[[ DATA RECORDS open ]]

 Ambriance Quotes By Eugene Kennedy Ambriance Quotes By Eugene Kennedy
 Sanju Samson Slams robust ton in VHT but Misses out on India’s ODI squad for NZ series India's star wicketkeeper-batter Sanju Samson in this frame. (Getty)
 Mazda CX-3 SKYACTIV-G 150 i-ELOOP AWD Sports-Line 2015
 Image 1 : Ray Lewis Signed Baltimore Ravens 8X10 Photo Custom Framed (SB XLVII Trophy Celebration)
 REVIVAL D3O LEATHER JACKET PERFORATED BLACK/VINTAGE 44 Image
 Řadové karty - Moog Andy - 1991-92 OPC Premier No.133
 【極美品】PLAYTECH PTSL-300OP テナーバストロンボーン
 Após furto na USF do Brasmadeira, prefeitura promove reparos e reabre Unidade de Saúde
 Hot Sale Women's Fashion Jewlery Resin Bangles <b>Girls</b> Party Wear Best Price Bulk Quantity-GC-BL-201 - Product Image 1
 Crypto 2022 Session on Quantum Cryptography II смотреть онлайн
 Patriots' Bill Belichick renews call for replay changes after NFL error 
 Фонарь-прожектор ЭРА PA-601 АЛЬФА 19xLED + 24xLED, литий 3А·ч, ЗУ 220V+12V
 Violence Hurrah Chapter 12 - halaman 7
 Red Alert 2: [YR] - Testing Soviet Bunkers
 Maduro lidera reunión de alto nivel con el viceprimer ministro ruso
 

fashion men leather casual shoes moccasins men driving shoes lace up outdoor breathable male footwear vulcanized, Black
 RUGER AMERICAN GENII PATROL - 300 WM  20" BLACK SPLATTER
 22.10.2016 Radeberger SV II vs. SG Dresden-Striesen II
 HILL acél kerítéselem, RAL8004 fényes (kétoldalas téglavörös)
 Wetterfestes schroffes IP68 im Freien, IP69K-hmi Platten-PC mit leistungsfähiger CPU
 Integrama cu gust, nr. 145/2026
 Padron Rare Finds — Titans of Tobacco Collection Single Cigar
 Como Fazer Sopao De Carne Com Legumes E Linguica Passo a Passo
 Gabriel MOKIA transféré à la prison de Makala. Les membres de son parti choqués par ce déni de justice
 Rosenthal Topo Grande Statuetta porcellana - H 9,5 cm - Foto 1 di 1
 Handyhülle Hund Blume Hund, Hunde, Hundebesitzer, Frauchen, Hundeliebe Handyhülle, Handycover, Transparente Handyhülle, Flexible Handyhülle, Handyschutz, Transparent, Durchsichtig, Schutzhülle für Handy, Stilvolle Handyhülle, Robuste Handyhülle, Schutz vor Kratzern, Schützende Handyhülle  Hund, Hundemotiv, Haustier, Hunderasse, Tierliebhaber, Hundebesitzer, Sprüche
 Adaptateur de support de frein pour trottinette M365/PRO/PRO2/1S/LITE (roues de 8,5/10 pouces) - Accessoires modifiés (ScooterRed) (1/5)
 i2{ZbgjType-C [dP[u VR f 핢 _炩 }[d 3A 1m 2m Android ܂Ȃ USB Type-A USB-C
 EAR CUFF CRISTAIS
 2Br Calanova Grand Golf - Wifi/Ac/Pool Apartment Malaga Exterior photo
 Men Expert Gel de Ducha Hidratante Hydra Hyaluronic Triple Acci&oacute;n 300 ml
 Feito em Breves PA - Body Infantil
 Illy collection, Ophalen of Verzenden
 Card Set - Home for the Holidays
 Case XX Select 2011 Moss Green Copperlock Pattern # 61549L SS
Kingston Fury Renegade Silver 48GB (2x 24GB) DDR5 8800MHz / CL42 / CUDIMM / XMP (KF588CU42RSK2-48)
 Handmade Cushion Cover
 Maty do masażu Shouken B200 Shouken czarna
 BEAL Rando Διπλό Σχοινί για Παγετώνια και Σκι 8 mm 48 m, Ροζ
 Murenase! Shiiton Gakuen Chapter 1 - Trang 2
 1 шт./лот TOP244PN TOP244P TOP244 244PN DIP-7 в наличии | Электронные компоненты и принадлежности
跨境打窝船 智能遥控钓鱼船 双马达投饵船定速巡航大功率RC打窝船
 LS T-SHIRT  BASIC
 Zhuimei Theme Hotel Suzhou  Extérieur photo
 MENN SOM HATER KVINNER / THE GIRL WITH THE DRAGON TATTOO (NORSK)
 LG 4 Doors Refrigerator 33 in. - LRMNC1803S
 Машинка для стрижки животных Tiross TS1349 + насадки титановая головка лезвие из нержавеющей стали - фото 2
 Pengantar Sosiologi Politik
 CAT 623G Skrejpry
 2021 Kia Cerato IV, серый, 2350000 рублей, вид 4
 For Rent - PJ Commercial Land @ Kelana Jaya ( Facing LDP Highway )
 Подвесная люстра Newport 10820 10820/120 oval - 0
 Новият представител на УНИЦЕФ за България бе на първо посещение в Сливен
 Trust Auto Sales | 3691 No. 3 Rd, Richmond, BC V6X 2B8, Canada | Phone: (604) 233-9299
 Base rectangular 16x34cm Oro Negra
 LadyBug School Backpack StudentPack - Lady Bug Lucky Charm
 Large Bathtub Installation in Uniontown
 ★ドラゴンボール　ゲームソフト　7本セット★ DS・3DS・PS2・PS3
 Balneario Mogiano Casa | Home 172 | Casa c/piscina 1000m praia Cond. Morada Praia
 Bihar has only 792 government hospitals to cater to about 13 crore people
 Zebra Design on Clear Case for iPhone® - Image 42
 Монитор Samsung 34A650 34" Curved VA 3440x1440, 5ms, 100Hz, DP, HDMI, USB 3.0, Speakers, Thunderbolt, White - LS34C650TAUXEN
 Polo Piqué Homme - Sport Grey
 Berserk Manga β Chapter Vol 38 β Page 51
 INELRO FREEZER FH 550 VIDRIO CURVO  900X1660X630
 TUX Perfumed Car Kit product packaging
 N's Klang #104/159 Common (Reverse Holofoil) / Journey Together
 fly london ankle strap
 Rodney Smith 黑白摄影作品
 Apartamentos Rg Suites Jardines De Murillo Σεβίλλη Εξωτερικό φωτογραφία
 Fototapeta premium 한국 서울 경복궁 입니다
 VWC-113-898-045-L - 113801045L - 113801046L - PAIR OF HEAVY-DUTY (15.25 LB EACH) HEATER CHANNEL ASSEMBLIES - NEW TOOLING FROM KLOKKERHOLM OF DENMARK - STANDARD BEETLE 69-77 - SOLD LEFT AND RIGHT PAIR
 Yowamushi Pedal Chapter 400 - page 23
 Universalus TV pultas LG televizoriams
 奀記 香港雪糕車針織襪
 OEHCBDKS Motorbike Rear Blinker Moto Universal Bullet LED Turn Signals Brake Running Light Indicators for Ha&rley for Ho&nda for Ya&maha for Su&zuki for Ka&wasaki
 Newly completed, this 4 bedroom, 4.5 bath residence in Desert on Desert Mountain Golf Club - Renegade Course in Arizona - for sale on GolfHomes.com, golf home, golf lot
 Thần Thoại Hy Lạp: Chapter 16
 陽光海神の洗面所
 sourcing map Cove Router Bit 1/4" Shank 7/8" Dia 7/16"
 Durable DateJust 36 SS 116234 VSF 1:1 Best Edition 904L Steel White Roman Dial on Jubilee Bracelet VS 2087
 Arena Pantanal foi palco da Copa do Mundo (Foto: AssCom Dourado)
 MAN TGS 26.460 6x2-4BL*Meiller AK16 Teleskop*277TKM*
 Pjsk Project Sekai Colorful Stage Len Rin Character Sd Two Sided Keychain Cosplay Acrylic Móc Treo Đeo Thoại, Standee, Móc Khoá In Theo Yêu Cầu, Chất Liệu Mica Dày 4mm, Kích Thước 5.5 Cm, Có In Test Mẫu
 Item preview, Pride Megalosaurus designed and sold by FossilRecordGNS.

[[ DATA RECORDS closed ]]

TASK GOAL
Every line above is to be duplicated exactly as shown.

ANSWER AREA
 Ambriance Quotes By Eugene Kennedy Ambriance Quotes By Eugene Kennedy
 Sanju Samson Slams robust ton in VHT but Misses out on India’s ODI squad for NZ series India's star wicketkeeper-batter Sanju Samson in this frame. (Getty)
 Mazda CX-3 SKYACTIV-G 150 i-ELOOP AWD Sports-Line 2015
 Image 1 : Ray Lewis Signed Baltimore Ravens 8X10 Photo Custom Framed (SB XLVII Trophy Celebration)
 REVIVAL D3O LEATHER JACKET PERFORATED BLACK/VINTAGE 44 Image
 Řadové karty - Moog Andy - 1991-92 OPC Premier No.133
 【極美品】PLAYTECH PTSL-300OP テナーバストロンボーン
 Após furto na USF do Brasmadeira, prefeitura promove reparos e reabre Unidade de Saúde
 Hot Sale Women's Fashion Jewlery Resin Bangles <b>Girls</b> Party Wear Best Price Bulk Quantity-GC-BL-201 - Product Image 1
 Crypto 2022 Session on Quantum Cryptography II смотреть онлайн
 Patriots' Bill Belichick renews call for replay changes after NFL error 
 Фонарь-прожектор ЭРА PA-601 АЛЬФА 19xLED + 24xLED, литий 3А·ч, ЗУ 220V+12V
 Violence Hurrah Chapter 12 - halaman 7
 Red Alert 2: [YR] - Testing Soviet Bunkers
 Maduro lidera reunión de alto nivel con el viceprimer ministro ruso
 

fashion men leather casual shoes moccasins men driving shoes lace up outdoor breathable male footwear vulcanized, Black
 RUGER AMERICAN GENII PATROL - 300 WM  20" BLACK SPLATTER
 22.10.2016 Radeberger SV II vs. SG Dresden-Striesen II
 HILL acél kerítéselem, RAL8004 fényes (kétoldalas téglavörös)
 Wetterfestes schroffes IP68 im Freien, IP69K-hmi Platten-PC mit leistungsfähiger CPU
 Integrama cu gust, nr. 145/2026
 Padron Rare Finds — Titans of Tobacco Collection Single Cigar
 Como Fazer Sopao De Carne Com Legumes E Linguica Passo a Passo
 Gabriel MOKIA transféré à la prison de Makala. Les membres de son parti choqués par ce déni de justice
 Rosenthal Topo Grande Statuetta porcellana - H 9,5 cm - Foto 1 di 1
 Handyhülle Hund Blume Hund, Hunde, Hundebesitzer, Frauchen, Hundeliebe Handyhülle, Handycover, Transparente Handyhülle, Flexible Handyhülle, Handyschutz, Transparent, Durchsichtig, Schutzhülle für Handy, Stilvolle Handyhülle, Robuste Handyhülle, Schutz vor Kratzern, Schützende Handyhülle  Hund, Hundemotiv, Haustier, Hunderasse, Tierliebhaber, Hundebesitzer, Sprüche
 Adaptateur de support de frein pour trottinette M365/PRO/PRO2/1S/LITE (roues de 8,5/10 pouces) - Accessoires modifiés (ScooterRed) (1/5)
 i2{ZbgjType-C [dP[u VR f 핢 _炩 }[d 3A 1m 2m Android ܂Ȃ USB Type-A USB-C
 EAR CUFF CRISTAIS
 2Br Calanova Grand Golf - Wifi/Ac/Pool Apartment Malaga Exterior photo
 Men Expert Gel de Ducha Hidratante Hydra Hyaluronic Triple Acci&oacute;n 300 ml
 Feito em Breves PA - Body Infantil
 Illy collection, Ophalen of Verzenden
 Card Set - Home for the Holidays
 Case XX Select 2011 Moss Green Copperlock Pattern # 61549L SS
Kingston Fury Renegade Silver 48GB (2x 24GB) DDR5 8800MHz / CL42 / CUDIMM / XMP (KF588CU42RSK2-48)
 Handmade Cushion Cover
 Maty do masażu Shouken B200 Shouken czarna
 BEAL Rando Διπλό Σχοινί για Παγετώνια και Σκι 8 mm 48 m, Ροζ
 Murenase! Shiiton Gakuen Chapter 1 - Trang 2
 1 шт./лот TOP244PN TOP244P TOP244 244PN DIP-7 в наличии | Электронные компоненты и принадлежности
跨境打窝船 智能遥控钓鱼船 双马达投饵船定速巡航大功率RC打窝船
 LS T-SHIRT  BASIC
 Zhuimei Theme Hotel Suzhou  Extérieur photo
 MENN SOM HATER KVINNER / THE GIRL WITH THE DRAGON TATTOO (NORSK)
 LG 4 Doors Refrigerator 33 in. - LRMNC1803S
 Машинка для стрижки животных Tiross TS1349 + насадки титановая головка лезвие из нержавеющей стали - фото 2
 Pengantar Sosiologi Politik
 CAT 623G Skrejpry
 2021 Kia Cerato IV, серый, 2350000 рублей, вид 4
 For Rent - PJ Commercial Land @ Kelana Jaya ( Facing LDP Highway )
 Подвесная люстра Newport 10820 10820/120 oval - 0
 Новият представител на УНИЦЕФ за България бе на първо посещение в Сливен
 Trust Auto Sales | 3691 No. 3 Rd, Richmond, BC V6X 2B8, Canada | Phone: (604) 233-9299
 Base rectangular 16x34cm Oro Negra
 LadyBug School Backpack StudentPack - Lady Bug Lucky Charm
 Large Bathtub Installation in Uniontown
 ★ドラゴンボール　ゲームソフト　7本セット★ DS・3DS・PS2・PS3
 Balneario Mogiano Casa | Home 172 | Casa c/piscina 1000m praia Cond. Morada Praia
 Bihar has only 792 government hospitals to cater to about 13 crore people
 Zebra Design on Clear Case for iPhone® - Image 42
 Монитор Samsung 34A650 34" Curved VA 3440x1440, 5ms, 100Hz, DP, HDMI, USB 3.0, Speakers, Thunderbolt, White - LS34C650TAUXEN
 Polo Piqué Homme - Sport Grey
 Berserk Manga β Chapter Vol 38 β Page 51
 INELRO FREEZER FH 550 VIDRIO CURVO  900X1660X630
 TUX Perfumed Car Kit product packaging
 N's Klang #104/159 Common (Reverse Holofoil) / Journey Together
 fly london ankle strap
 Rodney Smith 黑白摄影作品
 Apartamentos Rg Suites Jardines De Murillo Σεβίλλη Εξωτερικό φωτογραφία
 Fototapeta premium 한국 서울 경복궁 입니다
 VWC-113-898-045-L - 113801045L - 113801046L - PAIR OF HEAVY-DUTY (15.25 LB EACH) HEATER CHANNEL ASSEMBLIES - NEW TOOLING FROM KLOKKERHOLM OF DENMARK - STANDARD BEETLE 69-77 - SOLD LEFT AND RIGHT PAIR
 Yowamushi Pedal Chapter 400 - page 23
 Universalus TV pultas LG televizoriams
 奀記 香港雪糕車針織襪
 OEHCBDKS Motorbike Rear Blinker Moto Universal Bullet LED Turn Signals Brake Running Light Indicators for Ha&rley for Ho&nda for Ya&maha for Su&zuki for Ka&wasaki
 Newly completed, this 4 bedroom, 4.5 bath residence in Desert on Desert Mountain Golf Club - Renegade Course in Arizona - for sale on GolfHomes.com, golf home, golf lot
 Thần Thoại Hy Lạp: Chapter 16
 陽光海神の洗面所
 sourcing map Cove Router Bit 1/4" Shank 7/8" Dia 7/16"
 Durable DateJust 36 SS 116234 VSF 1:1 Best Edition 904L Steel White Roman Dial on Jubilee Bracelet VS 2087
 Arena Pantanal foi palco da Copa do Mundo (Foto: AssCom Dourado)
 MAN TGS 26.460 6x2-4BL*Meiller AK16 Teleskop*277TKM*
 Pjsk Project Sekai Colorful Stage Len Rin Character Sd Two Sided Keychain Cosplay Acrylic Móc Treo Đeo Thoại, Standee, Móc Khoá In Theo Yêu Cầu, Chất Liệu Mica Dày 4mm, Kích Thước 5.5 Cm, Có In Test Mẫu
 Item preview, Pride Megalosaurus designed and sold by FossilRecordGNS.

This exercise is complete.